Design | Build - In this approach, the owner contracts with a builder who contracts with an architect to design the project. The Owner assumes the risk of a single contract with one organization and “all eggs are essentially in one basket”. The ministry loses direct control over the design and architectural process - as the architect can be influenced by the builder. The ministry loses direct control over product specifications and third-party accountability of building quality, ongoing operation and maintenance costs. The ministry loses the objective review and accountability provided during construction when the architect is not directly under contract with the owner.

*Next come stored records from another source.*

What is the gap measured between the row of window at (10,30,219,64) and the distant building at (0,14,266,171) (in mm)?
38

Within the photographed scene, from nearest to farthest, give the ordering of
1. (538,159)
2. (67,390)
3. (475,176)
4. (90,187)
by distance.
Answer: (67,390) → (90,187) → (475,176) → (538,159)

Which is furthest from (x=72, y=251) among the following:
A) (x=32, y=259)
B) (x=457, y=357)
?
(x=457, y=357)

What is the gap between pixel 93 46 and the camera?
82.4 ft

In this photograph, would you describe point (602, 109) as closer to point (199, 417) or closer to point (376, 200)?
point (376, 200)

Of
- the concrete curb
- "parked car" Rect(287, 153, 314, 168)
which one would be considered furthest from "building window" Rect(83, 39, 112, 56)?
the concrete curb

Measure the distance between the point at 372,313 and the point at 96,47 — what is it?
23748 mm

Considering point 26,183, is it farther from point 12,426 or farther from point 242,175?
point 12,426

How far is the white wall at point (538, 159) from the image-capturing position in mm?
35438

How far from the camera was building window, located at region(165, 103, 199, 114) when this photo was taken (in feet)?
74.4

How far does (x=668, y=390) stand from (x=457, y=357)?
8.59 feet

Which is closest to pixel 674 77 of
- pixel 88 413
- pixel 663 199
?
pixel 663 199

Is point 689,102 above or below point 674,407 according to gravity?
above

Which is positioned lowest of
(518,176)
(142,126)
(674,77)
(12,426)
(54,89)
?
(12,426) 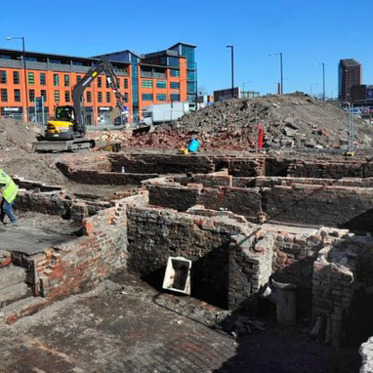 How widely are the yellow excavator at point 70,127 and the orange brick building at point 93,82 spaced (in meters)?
20.9

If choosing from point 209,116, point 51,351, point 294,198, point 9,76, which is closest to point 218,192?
point 294,198

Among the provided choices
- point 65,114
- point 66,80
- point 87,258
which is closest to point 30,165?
point 65,114

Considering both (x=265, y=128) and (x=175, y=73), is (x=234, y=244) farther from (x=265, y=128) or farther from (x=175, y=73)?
(x=175, y=73)

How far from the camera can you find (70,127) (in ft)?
73.8

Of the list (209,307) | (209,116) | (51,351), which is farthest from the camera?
(209,116)

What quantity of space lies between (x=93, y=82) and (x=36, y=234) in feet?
182

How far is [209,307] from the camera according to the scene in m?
7.80

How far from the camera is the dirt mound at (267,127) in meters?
24.0

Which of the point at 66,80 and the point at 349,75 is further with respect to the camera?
the point at 349,75

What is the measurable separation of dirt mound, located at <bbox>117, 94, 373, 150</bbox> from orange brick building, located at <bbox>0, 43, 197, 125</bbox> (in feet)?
68.1

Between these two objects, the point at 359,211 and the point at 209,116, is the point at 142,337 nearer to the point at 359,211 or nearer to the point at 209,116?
the point at 359,211

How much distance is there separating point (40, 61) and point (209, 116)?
3815 cm

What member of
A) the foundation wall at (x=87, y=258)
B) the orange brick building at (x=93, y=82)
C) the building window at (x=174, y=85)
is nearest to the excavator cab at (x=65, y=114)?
the foundation wall at (x=87, y=258)

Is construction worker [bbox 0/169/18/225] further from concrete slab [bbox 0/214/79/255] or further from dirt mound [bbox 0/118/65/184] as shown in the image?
dirt mound [bbox 0/118/65/184] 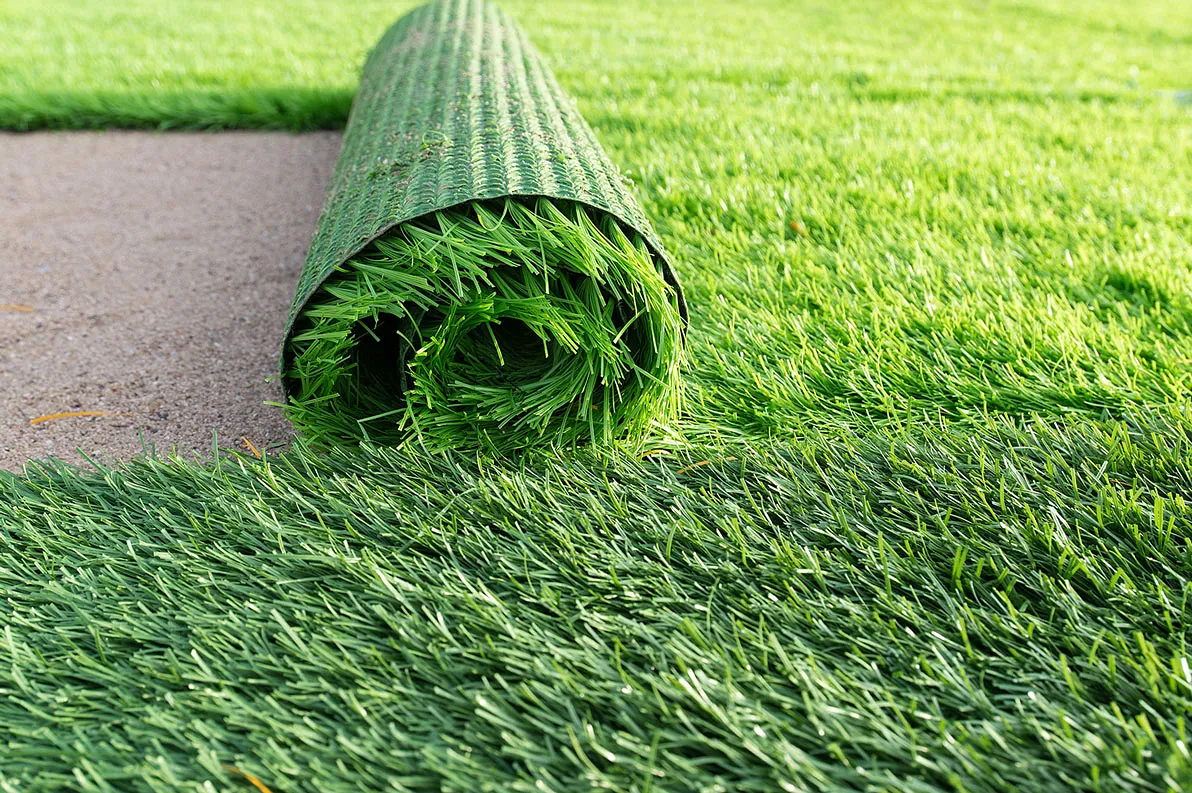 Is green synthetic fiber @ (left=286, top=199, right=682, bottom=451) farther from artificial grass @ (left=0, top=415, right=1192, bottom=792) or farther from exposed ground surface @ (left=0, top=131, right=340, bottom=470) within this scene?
exposed ground surface @ (left=0, top=131, right=340, bottom=470)

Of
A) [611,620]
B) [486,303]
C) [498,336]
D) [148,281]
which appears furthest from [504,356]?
[148,281]

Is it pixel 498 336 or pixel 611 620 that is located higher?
pixel 498 336

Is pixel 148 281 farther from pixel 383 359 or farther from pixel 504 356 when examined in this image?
pixel 504 356

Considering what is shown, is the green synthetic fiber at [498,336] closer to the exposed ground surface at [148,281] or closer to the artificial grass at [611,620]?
the artificial grass at [611,620]

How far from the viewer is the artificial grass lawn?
47.6 inches

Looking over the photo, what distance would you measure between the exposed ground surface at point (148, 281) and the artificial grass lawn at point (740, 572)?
0.31 m

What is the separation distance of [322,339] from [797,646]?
3.39 feet

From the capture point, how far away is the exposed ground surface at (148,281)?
215 centimetres

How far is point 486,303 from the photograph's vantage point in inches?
68.4

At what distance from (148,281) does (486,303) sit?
5.67 feet

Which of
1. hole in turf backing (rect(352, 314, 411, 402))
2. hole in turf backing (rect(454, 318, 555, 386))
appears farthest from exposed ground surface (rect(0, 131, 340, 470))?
hole in turf backing (rect(454, 318, 555, 386))

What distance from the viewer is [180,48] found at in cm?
553

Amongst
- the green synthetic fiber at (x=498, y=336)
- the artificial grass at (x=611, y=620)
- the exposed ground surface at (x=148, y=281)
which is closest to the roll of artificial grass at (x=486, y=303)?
the green synthetic fiber at (x=498, y=336)

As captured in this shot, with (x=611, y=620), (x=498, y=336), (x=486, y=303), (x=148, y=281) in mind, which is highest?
(x=486, y=303) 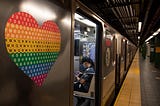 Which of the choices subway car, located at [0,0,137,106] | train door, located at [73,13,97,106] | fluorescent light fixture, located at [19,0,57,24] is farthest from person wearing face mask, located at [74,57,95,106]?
fluorescent light fixture, located at [19,0,57,24]

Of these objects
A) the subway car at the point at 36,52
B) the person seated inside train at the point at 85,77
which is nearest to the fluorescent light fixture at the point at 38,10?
the subway car at the point at 36,52

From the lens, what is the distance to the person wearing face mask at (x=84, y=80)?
3.95m

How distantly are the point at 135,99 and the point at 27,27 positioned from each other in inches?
168

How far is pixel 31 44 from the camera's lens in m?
1.12

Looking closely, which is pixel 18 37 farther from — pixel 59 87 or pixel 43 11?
pixel 59 87

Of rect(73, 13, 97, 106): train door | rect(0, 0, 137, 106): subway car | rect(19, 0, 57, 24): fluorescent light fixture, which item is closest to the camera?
rect(0, 0, 137, 106): subway car

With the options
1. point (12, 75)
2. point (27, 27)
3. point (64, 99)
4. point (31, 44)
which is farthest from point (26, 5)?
point (64, 99)

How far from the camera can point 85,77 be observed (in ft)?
13.3

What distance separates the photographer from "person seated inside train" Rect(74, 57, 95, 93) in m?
3.94

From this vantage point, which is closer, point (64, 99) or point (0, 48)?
point (0, 48)

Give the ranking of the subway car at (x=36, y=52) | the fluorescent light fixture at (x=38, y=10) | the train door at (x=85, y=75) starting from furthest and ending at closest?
the train door at (x=85, y=75) → the fluorescent light fixture at (x=38, y=10) → the subway car at (x=36, y=52)

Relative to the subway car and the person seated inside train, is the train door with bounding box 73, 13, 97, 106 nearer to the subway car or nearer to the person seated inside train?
the person seated inside train

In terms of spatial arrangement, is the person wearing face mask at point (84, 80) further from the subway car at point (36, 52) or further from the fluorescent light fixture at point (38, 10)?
the fluorescent light fixture at point (38, 10)

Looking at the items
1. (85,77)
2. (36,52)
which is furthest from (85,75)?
(36,52) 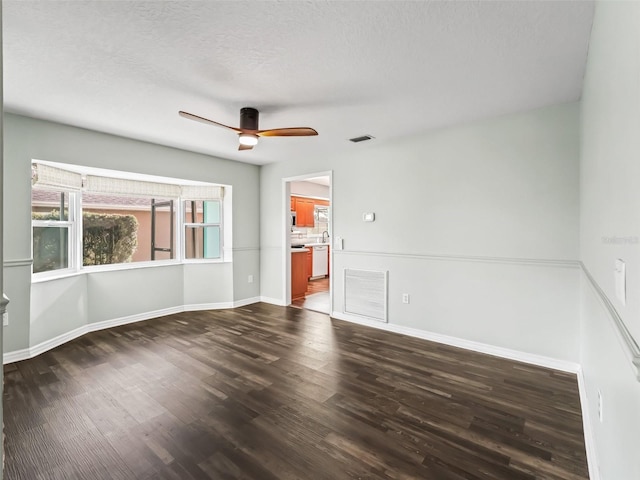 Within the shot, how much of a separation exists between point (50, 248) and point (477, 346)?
5.01 m

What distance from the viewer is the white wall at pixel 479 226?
118 inches

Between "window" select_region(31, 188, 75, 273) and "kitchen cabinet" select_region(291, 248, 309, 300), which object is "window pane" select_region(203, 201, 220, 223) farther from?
"window" select_region(31, 188, 75, 273)

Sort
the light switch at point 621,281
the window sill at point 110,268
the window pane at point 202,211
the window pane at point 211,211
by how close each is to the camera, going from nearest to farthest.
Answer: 1. the light switch at point 621,281
2. the window sill at point 110,268
3. the window pane at point 202,211
4. the window pane at point 211,211

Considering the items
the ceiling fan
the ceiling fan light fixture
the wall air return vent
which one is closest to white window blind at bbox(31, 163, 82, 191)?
the ceiling fan

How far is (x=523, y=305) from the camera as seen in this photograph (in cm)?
321

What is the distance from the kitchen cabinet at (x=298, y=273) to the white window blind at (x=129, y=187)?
2.23m

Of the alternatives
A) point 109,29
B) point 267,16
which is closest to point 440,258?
point 267,16

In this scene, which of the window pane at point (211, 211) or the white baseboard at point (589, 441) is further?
the window pane at point (211, 211)

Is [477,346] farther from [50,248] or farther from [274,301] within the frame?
[50,248]

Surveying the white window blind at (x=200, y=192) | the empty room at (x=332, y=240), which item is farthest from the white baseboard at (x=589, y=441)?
the white window blind at (x=200, y=192)

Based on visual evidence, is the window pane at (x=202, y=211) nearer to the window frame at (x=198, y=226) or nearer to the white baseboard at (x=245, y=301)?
the window frame at (x=198, y=226)

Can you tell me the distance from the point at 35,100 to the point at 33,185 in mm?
1027

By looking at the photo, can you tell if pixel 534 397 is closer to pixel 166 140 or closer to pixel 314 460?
pixel 314 460

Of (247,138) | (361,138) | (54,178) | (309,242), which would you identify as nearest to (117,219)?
(54,178) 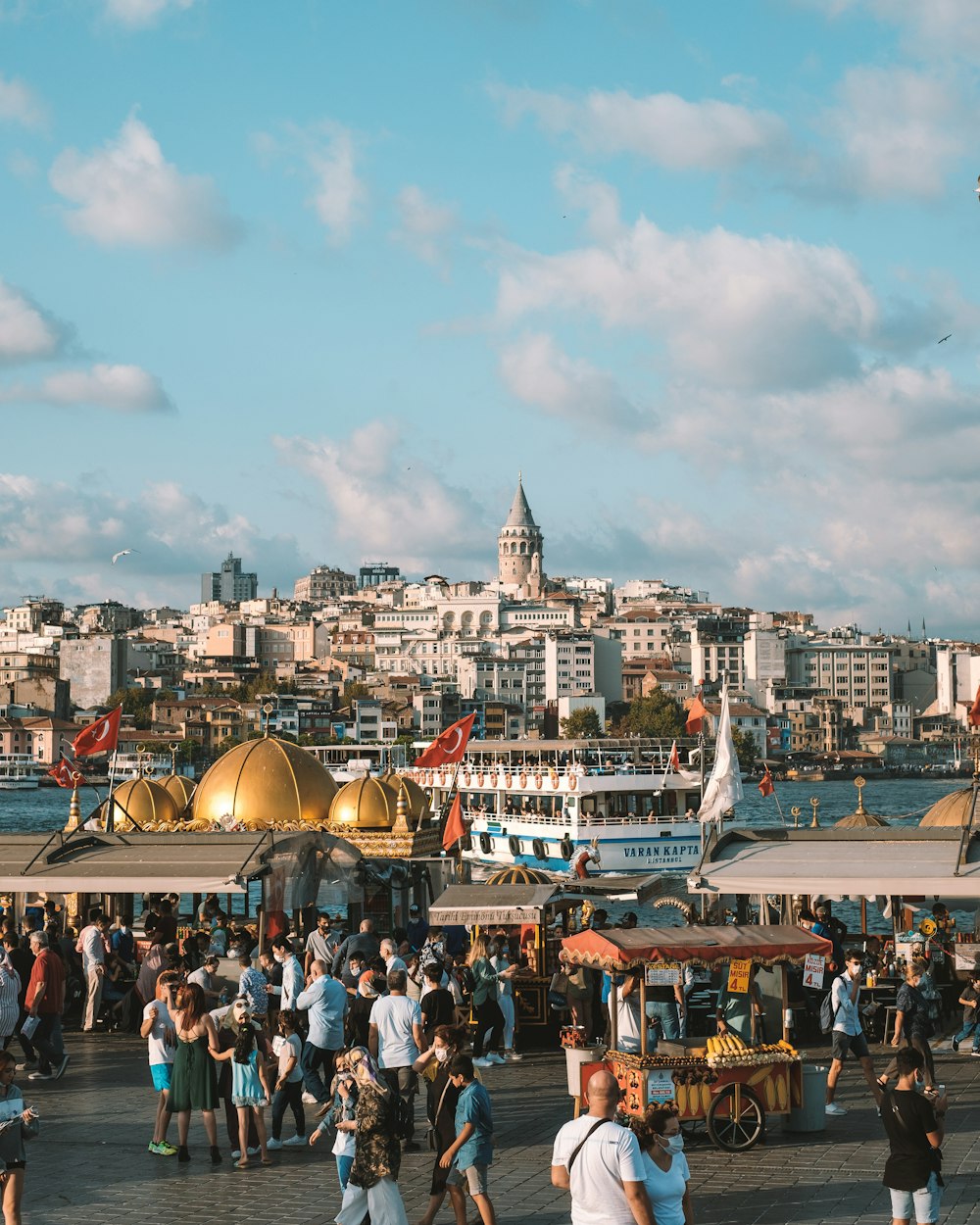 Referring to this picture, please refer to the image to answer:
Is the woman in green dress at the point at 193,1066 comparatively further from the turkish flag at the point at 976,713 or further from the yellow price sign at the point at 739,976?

Trinity Partnership - In the BGW approach, the owner contracts separately with a faith-based BGW Builder and the BGW architect. The architect and builder have a pre-established alignment and have a common corporate mission. This unique trinity partnership approach is centered around God and His purpose for the expansion of ministry through a building. The advantages to this approach are numerous. First, the ministry has direct control over the design process. The builder is integral to the design process from the earliest stages and shares feedback with the architect on cost-effective elements and construction virtue of the design. The builder provides budget info to the architect early on in the design process, so the overall design scope can be better defined. The builder and architect partner together through construction, bringing solutions without conflict and minimizing change orders. The builder and architect are each separately accountable to the ministry for building quality and ongoing maintenance and operation costs. The trinity partnership allows for the integrated BGW process that has been proven to bring consistent below-market costs to Christian ministries nationwide.